O dia em que Lula esteve em Água Fria

Na próxima quarta-feira (24), haverá o julgamento do ex-presidente Lula em Porto Alegre. Ali, o Tribunal Regional Federal, e tantos al, al, al, bem ladram o previsível, Lula terá um recurso julgado contra sentença de Sergio Moro, aquele juiz que lhe presenteou um tríplex.

Por Urariano Mota

Artistas com Lula em ato no RJ solidariedade ao ex-presidente e reivindicação de julgamento justo - Ricardo Stuckert

Então é hora de recordar a presença do presidente mais popular da história entre nós, no dia em ele foi ao bairro da minha infância, que todos chamam de Água Fria.

De frente para o que um dia foi o Cine Império, ia ser inaugurada a primeira agência do Banco Azteca no Brasil. Homens, mulheres e crianças tomaram conta do largo, como antes nos idos 60 invadiam o mesmo lugar para dançar o frevo. Mas em 27 de março de 2008 não vêm para o carnaval, nem muito menos prestigiar a inauguração de uma agência pequena, sem luxo. “Lula vem aí. Lula vem inaugurar o Banco”. Por isso se reúnem tantos, tantas e tantinhos, em curiosidade e aflição. A massa, esta massa periférica, sonha, carece de melhor vida, de dinheiro, como a senhora Suzana, gorda, de olhos rasgados de índia.
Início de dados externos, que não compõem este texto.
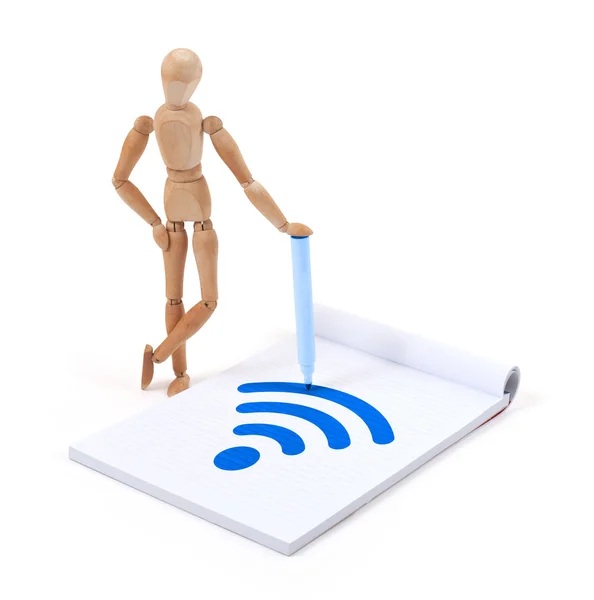 Wooden mannequin writing - WiFi — Stock Photo, Image
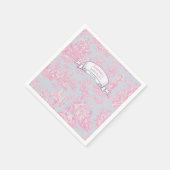 Oude bloemrijke blauwe roze toile de jouy douche servet (Hoek)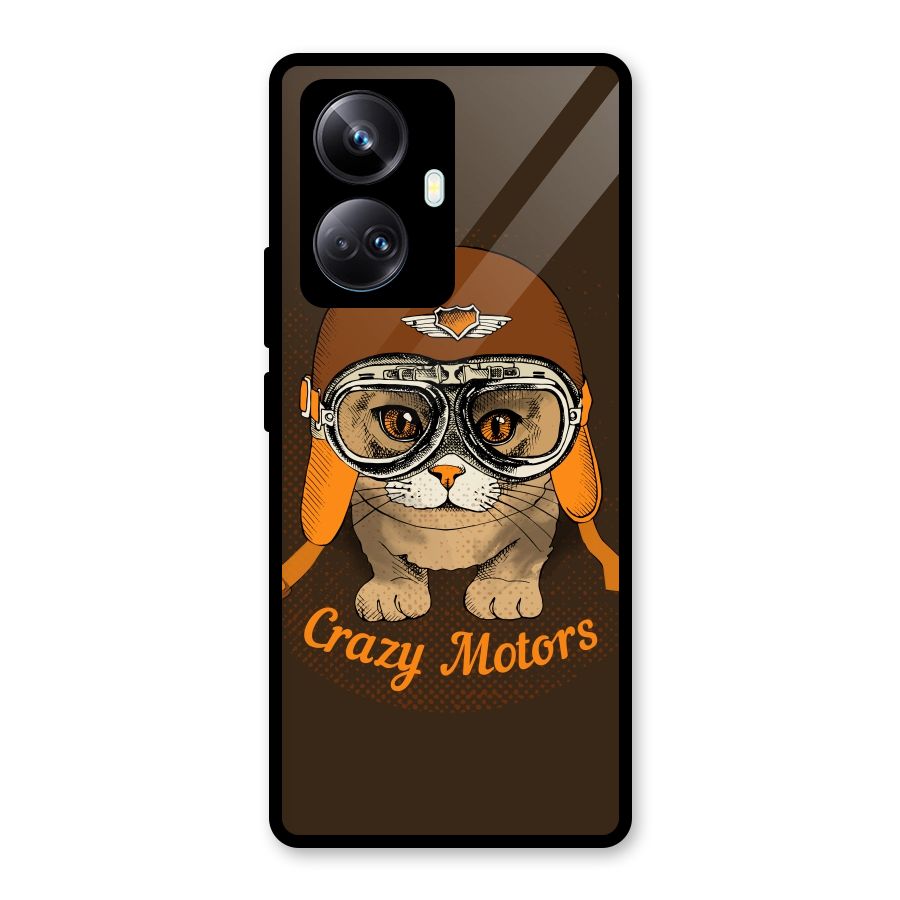 Crazy cat Glass Back Case for Realme 10 Pro Plus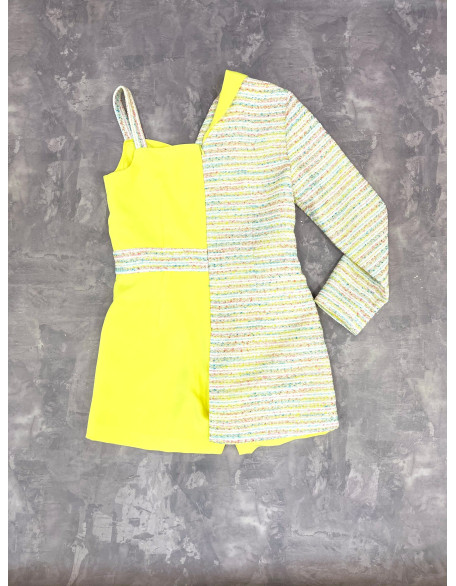 Hot yellow asymmetrical rainbow tweed girls pageant romper with one sleeve/ Girls casual outfit/ Pageant casual wear/ Custom pageant outfit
– O que a senhora quer de Lula? eu pergunto.

– O senhor é do grupo dele?

– Não…. (vontade tenho de dizer “eu sou do grupo da senhora”, mas me calo)

– Eu quero 150 reais.

– Pra quê?

– Pra comprar mordalela, pão, carvão, guaraná, cerveja, queijo, milho, aí eu faço pamonha, .manguzá…

– Isso tudo com 150 reais?!

– É só uma ajuda. Eu já tenho o carrinho de vender lanche. É só uma ajuda….

Lula demora. Deveria chegar às 3, mas já são 4 da tarde. Rapazes com terno preto, em um calor de 38 graus, fazem a segurança. Rijos como estátuas, com o olhar vazio de bronze.

– Desde que hora vocês estão aqui? pergunto.

– Desde 9 da manhã.

– Com esse terno preto, debaixo deste sol?

– É bronca.

– Quanto a diária?

– Vinte e cinco reais mais almoço.

Noto que um supervisor lhe traz uma bala. De café. É bronca. De vez em quando, em um ponto da multidão, há gritos, aplausos. Os seguranças olham em direção ao tumulto. É apenas algum gaiato que anuncia, “Lula chegou”. Se eu sair do meu lugar, aqui junto ao cavalete, perderei o assento dos pés. Eu me pergunto como esses jovens se mantêm impassíveis desde as nove da manhã. 16 e 30. Há um alvoroço. Há uma onda que me empurra, há uma corrente de eletricidade a passar por todos os corpos. Minha mulher, a fotógrafa, que faz sua estreia de máquina e de profissão, me desperta: os soldados da PM tomam posição de sentido.

– Olha os batedores!

Então vem um carro escuro, que passa pelo “portão” de cavaletes, e somente para adiante. Súbito há um estouro, não de fogos nem de boiada. Há um rumor que cresce, que se torna incontrolável, que mais lembra um orgasmo coletivo. Sofrido, querido e esperado. É Lula! É Lula! Todos gritam. Os berros se fazem ouvir mais alto, ensurdecedores. Mulheres, meninos, homens chamam a atenção do Presidente, querem chamá-lo, e ele não sabe para que lado do cercado de cavaletes se dirija. Na hora uma ideia tenebrosa me ocorre: se caísse um raio aqui, todos morreriam felizes. Mas essa ideia não atinge palavras. Lula vem para o nosso lado. É ele. A minha fotógrafa se esquece de mim e avança para o círculo estreito onde todos lhe querem tocar a mão. Aos gritos. Aos prantos. Aos empurrões, apesar de reprimidos pelos jovens rapazes de negro.

A última vez em que vi algo semelhante em Água Fria foi em 1965, no último dia de carnaval. Tocou Vassourinhas e não havia força que contivesse o gozo da multidão em fúria. Agora sem frevo, sem orquestra, desta vez a multidão delira como se estivesse diante de um astro pop. O presidente passa a ideia de um santo, porque tem poderes para ajudar os que padecem, e de fascínio, porque mostra como um homem do povo consegue ser importante. Por isso as mulheres gritam, “Lula, meu lindo!”, por isso os homens apertam-lhe a mão, com força e calor, por isso os meninos levantam a cabeça, todos os meninos levantam a cabeça. Então eu percebo que os periféricos não se embriagam somente de álcool e frevo. De Lula também se embriaga a gente. Como no carnaval fora de época de 2008, em Água Fria.